Una nueva vida en Cristo

 

Reflexión:

  • Dios no es insensible al sufrimiento de los hombres. Dios no es apático. Dios «sufre donde sufre el amor» (J. Moltmann). Por eso, el futuro proyectado y querido por Dios pertenece a esos hombres que sufren porque apenas hay un lugar para ellos ni en la sociedad ni en el corazón de los hermanos.
  • Son bastantes los pensadores que creen observar un aumento creciente de la apatía en la sociedad moderna. Parece estar creciendo la incapacidad de hombre para percibir el sufrimiento ajeno. Apatía significa «no-sufrir», incapacidad para sufrir. Es la actitud del hombre ciego que ya no percibe el dolor. El embotamiento de quien permanece insensible ante el sufrimiento. De mil maneras vamos evitando la relación y el contacto con los que sufren. Levantamos muros que nos separan de la experiencia y la realidad del sufrimiento ajeno.
  • Uno intenta mantenerse lo más lejos posible del dolor, sin ser tocado ni afectado por el sufrimiento de los demás. Se preocupa sólo de sus asuntos, vive «asépticamente» en su mundo privado, después de colocar el correspondiente: “No molestar”.

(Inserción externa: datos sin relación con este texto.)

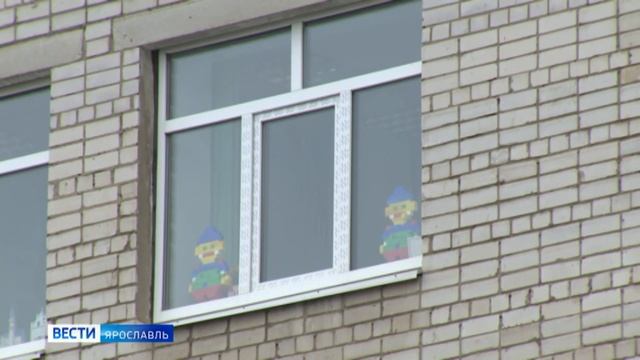 В Ярославле 7-летняя девочка выжила после падения из окна седьмого этажа смотреть онлайн
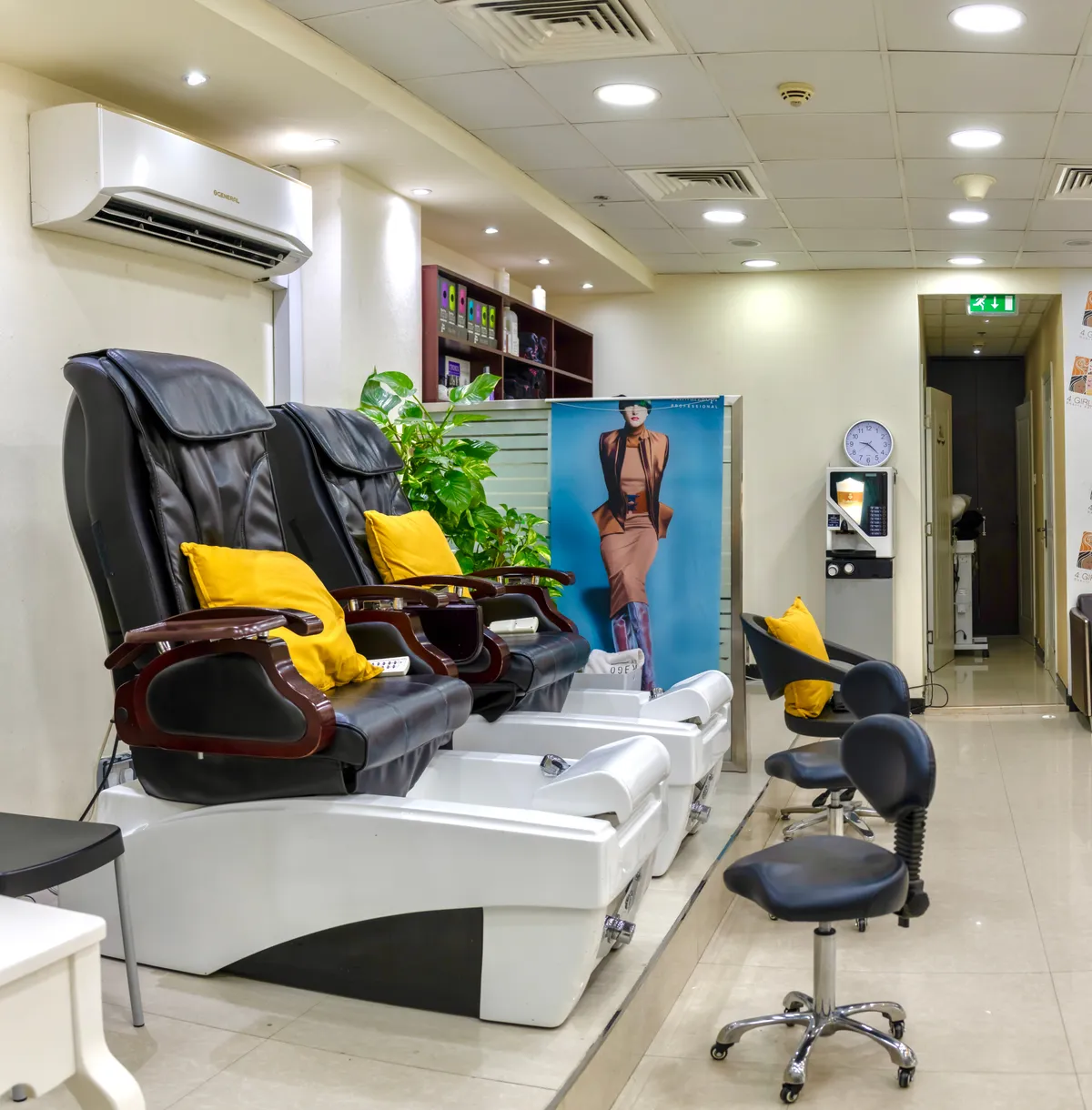 4 Girls Beauty Salon - Spas in Dubai - photo 3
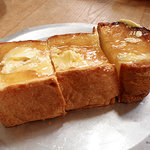 キッチン＆コーヒーCACTUS - はちみつトースト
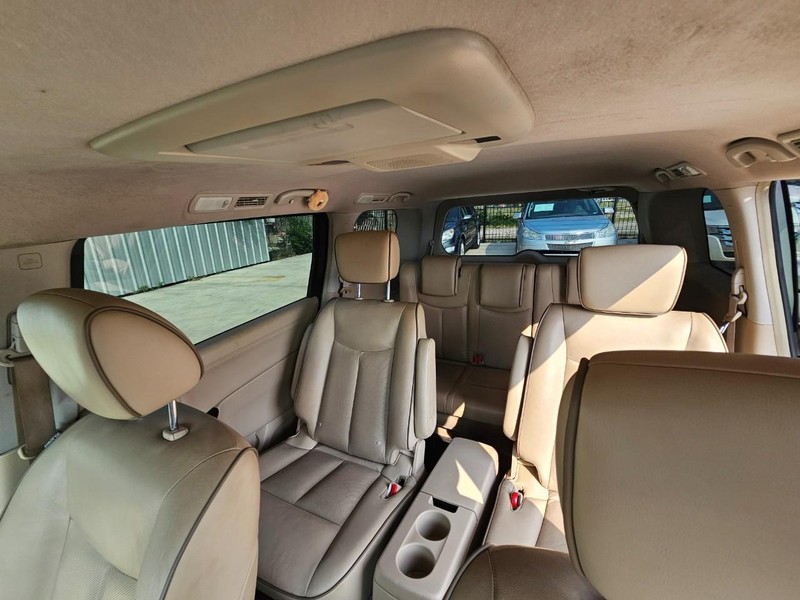 Nissan Quest Vehicle Image 16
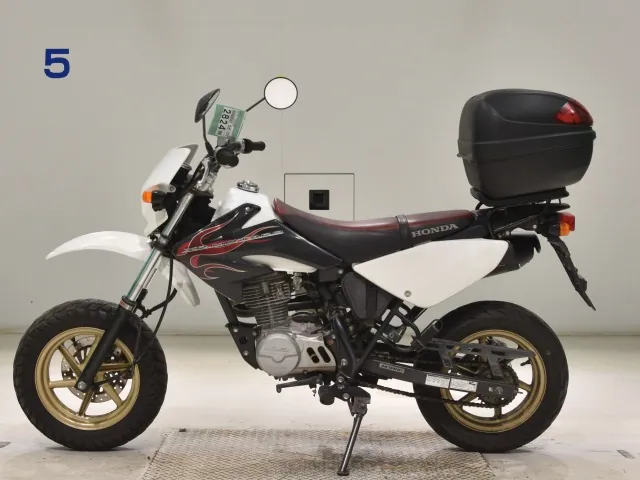 Honda XR100 Motard, white | black, фото 2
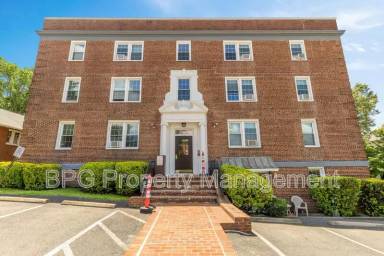 Main picture of 2634 Langston Blvd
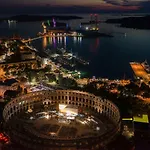 Arena & Seaview Luxurious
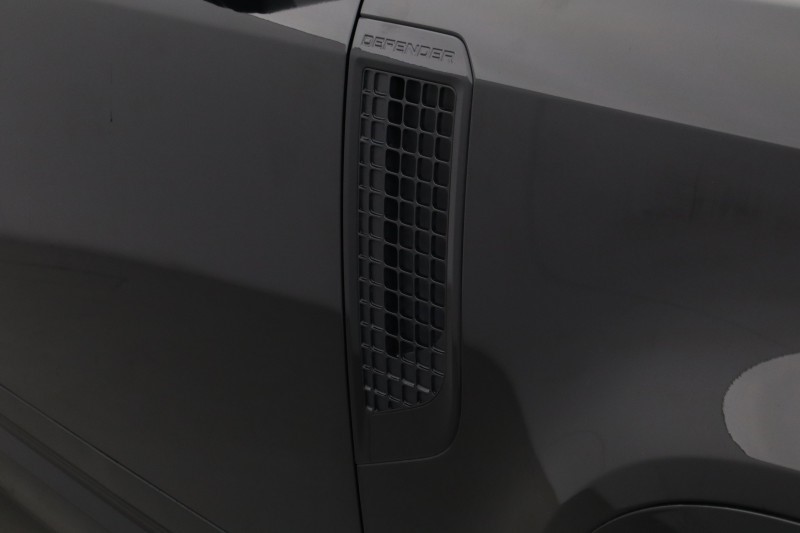 2023 (72) LAND ROVER DEFENDER 3.0 D250 X-Dynamic HSE 110 5dr Auto 5423637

  • Y la organización de la vida moderna parece ayudar a encubrir la miseria y soledad de las gentes, y a ocultar el sufrimiento hondo de las personas. Raramente experimentamos de forma sensible e inmediata el sufrimiento y la muerte de los otros. No es frecuente encontrarse de cerca con el rostro perdido de un hombre marginado. No tocamos la soledad y la desesperación del que vive junto a nosotros.

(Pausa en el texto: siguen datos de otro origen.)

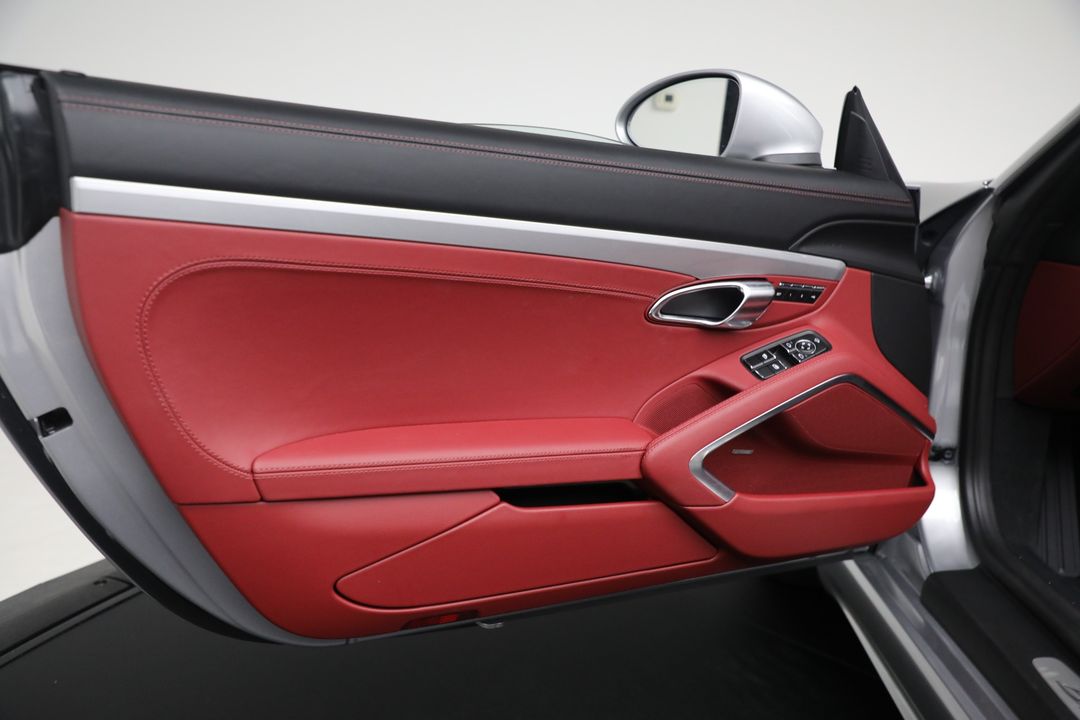 2025 Porsche 718 Boxster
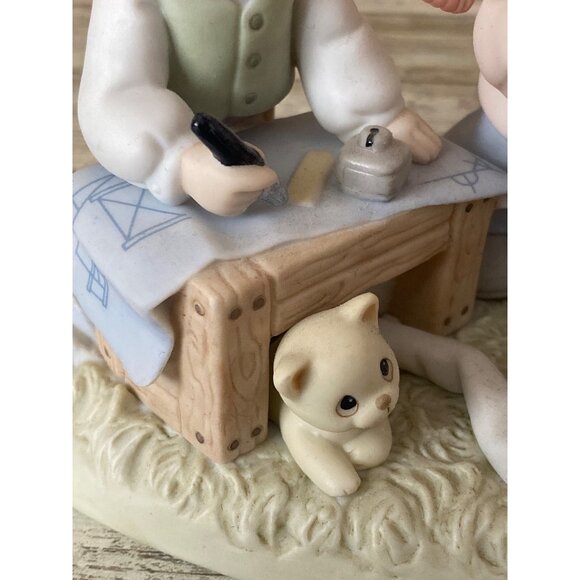 Precious Moments “We’ve Got the Right Plan” Figurine 2001 Enesco 937282 - Picture 8 of 12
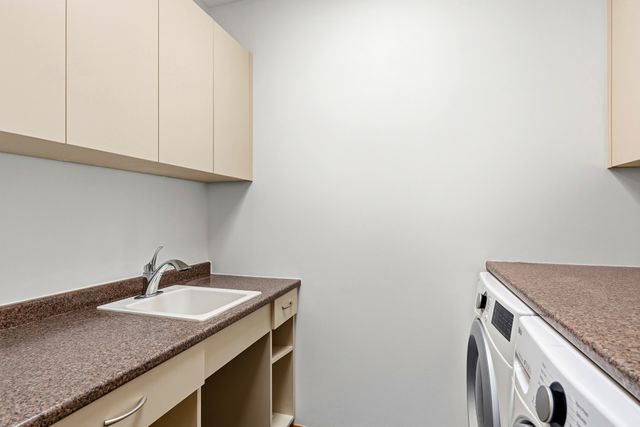 92 Alteza, Santa Fe, NM 87508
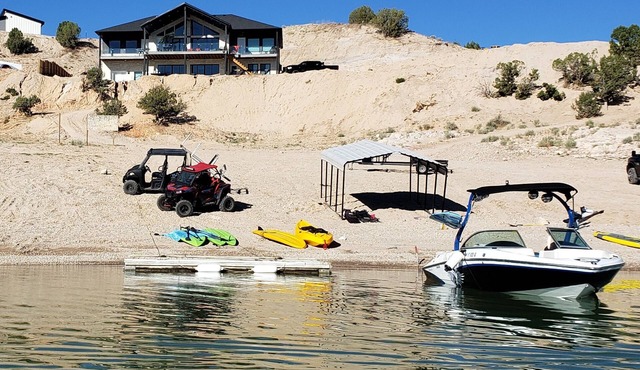 The Lighthouse ON YUBA Lake front private beach boat dock 5 acre 17 beds 6 baths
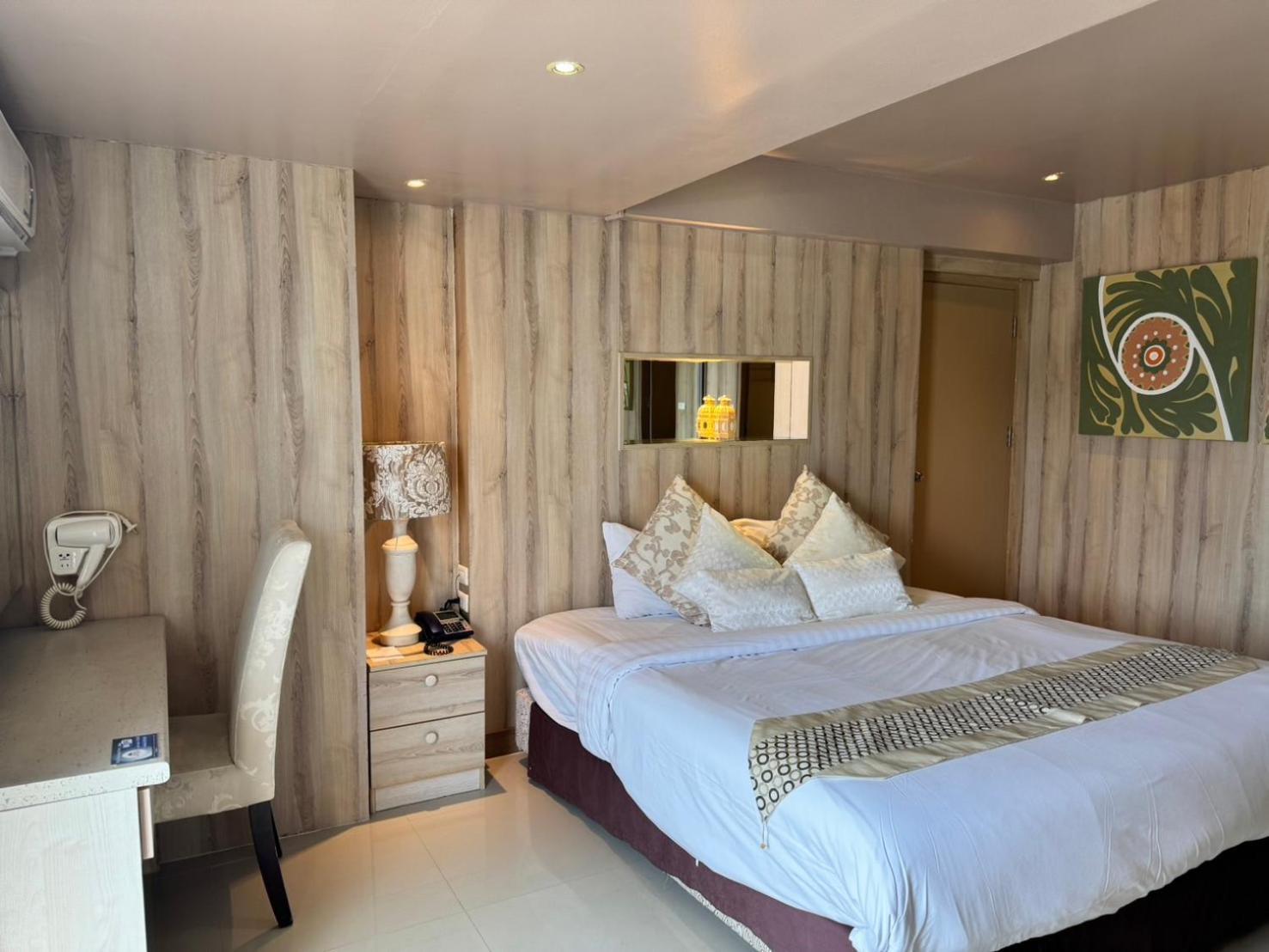 Condo Minium Patong Phuket Exterior foto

  • Hemos reducido los problemas humanos a números y datos. Contemplamos el sufrimiento ajeno de forma indirecta, a través de la pantalla televisiva. Corremos cada uno a nuestras ocupaciones sin tiempo para detenernos ante quien sufre.

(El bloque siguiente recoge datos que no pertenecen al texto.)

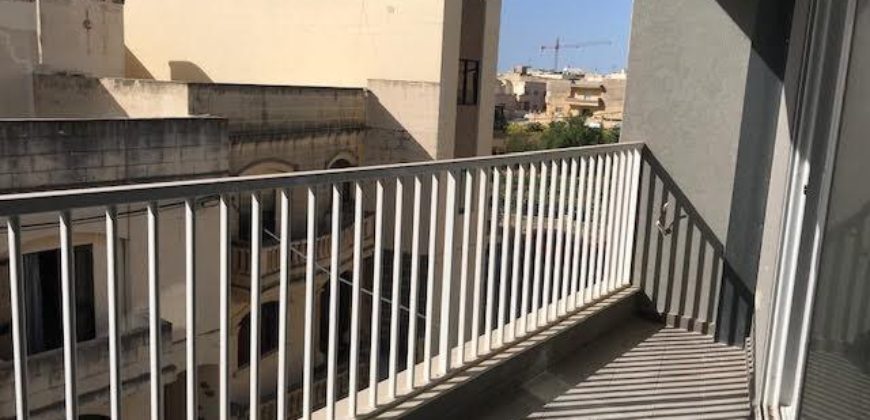 BARGAIN!!! TARXIEN HIGH FINISH 2ND FLOOR APARTMENT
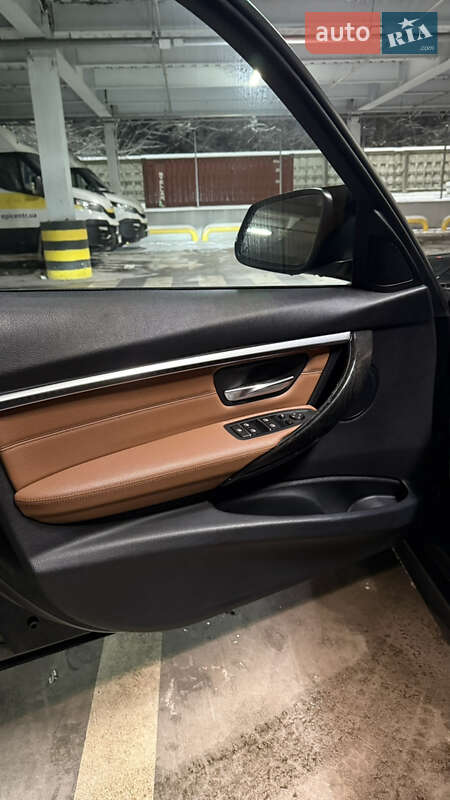 Седан BMW 3 Series 2016 в Киеве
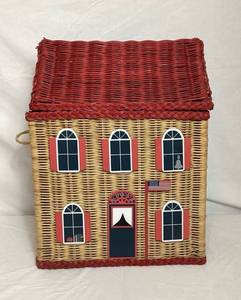 lot 29 image: Vintage Schoolhouse Wicker Toy Box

  • En medio de esta apatía social, se hace todavía más significativa la fe cristiana en un «Dios amigo de los pobres», un Dios crucificado, que ha querido sufrir junto a los abandonados de este mundo.
  • «Podemos cambiar las condiciones sociales bajo las cuales sufren los hombres… Pero, en todos esos caminos tropezamos con fronteras que no se dejan traspasar. El único medio de traspasar estas fronteras consiste en compartir el dolor con los que sufren, no dejarlos solos y hacer más fuerte su grito» (D. Sölle).
  • Hoy fiesta de la Presentación del Señor. Y día de la vida consagrada al Señor.